**AIM OF THE TASK:**
Verbatim output, no pictures: the lines from the beginning of the material through the line with "Sello 15 Cts", both ends kept.

*** Opening of DATA ***

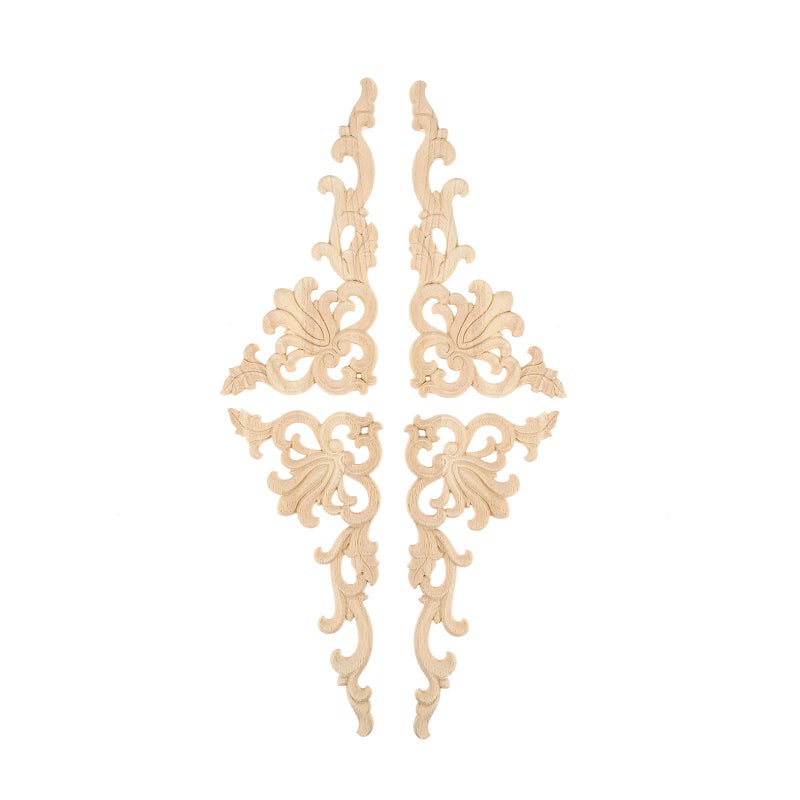 موكسام Muxsam 2-Pair Wood منحوتة 20x10cm/7.87 "" x3.94 "" الأثاث المزين الأيسر واليمين بمشاريع زاوية نحت خشبية لدرج الخزانة الخزانة. - Image 3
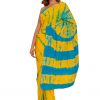 Bright Yellow & Blue Cotton Saree with Blouse Piece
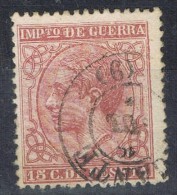 Sello 15 Cts Impuesto Guerra Alfonso XII, Fechador ALICANTE, Num 188 º - Kriegssteuermarken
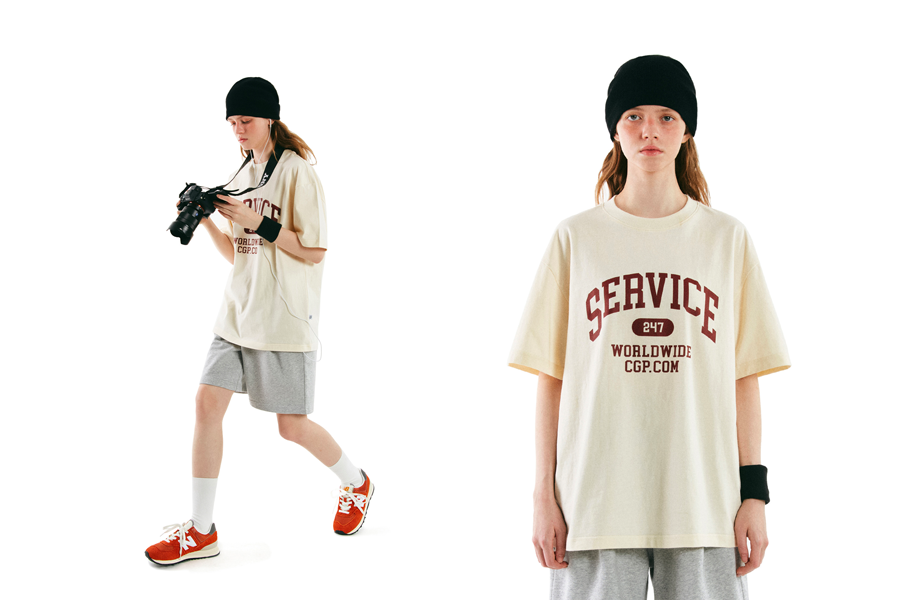 奶白色休闲短袖，搭配灰色短裤，Codegraphy系列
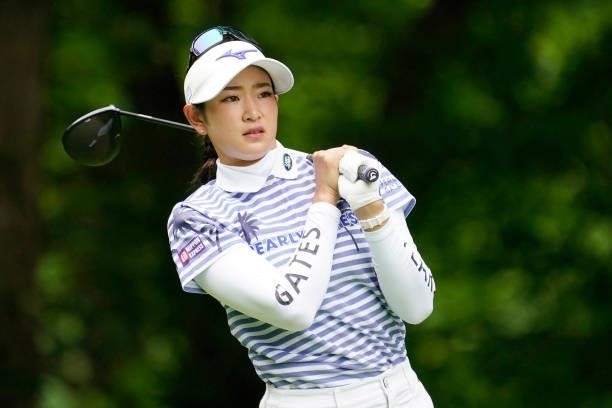 Erika Hara of Japan hits her tee shot on the 3rd hole during the third round of the Nipponham Ladies Classic at Katsura Golf Club on July 10, 2021 in...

*** Close of DATA ***

**RESULT:**
 موكسام Muxsam 2-Pair Wood منحوتة 20x10cm/7.87 "" x3.94 "" الأثاث المزين الأيسر واليمين بمشاريع زاوية نحت خشبية لدرج الخزانة الخزانة. - Image 3
 Bright Yellow & Blue Cotton Saree with Blouse Piece
 Sello 15 Cts Impuesto Guerra Alfonso XII, Fechador ALICANTE, Num 188 º - Kriegssteuermarken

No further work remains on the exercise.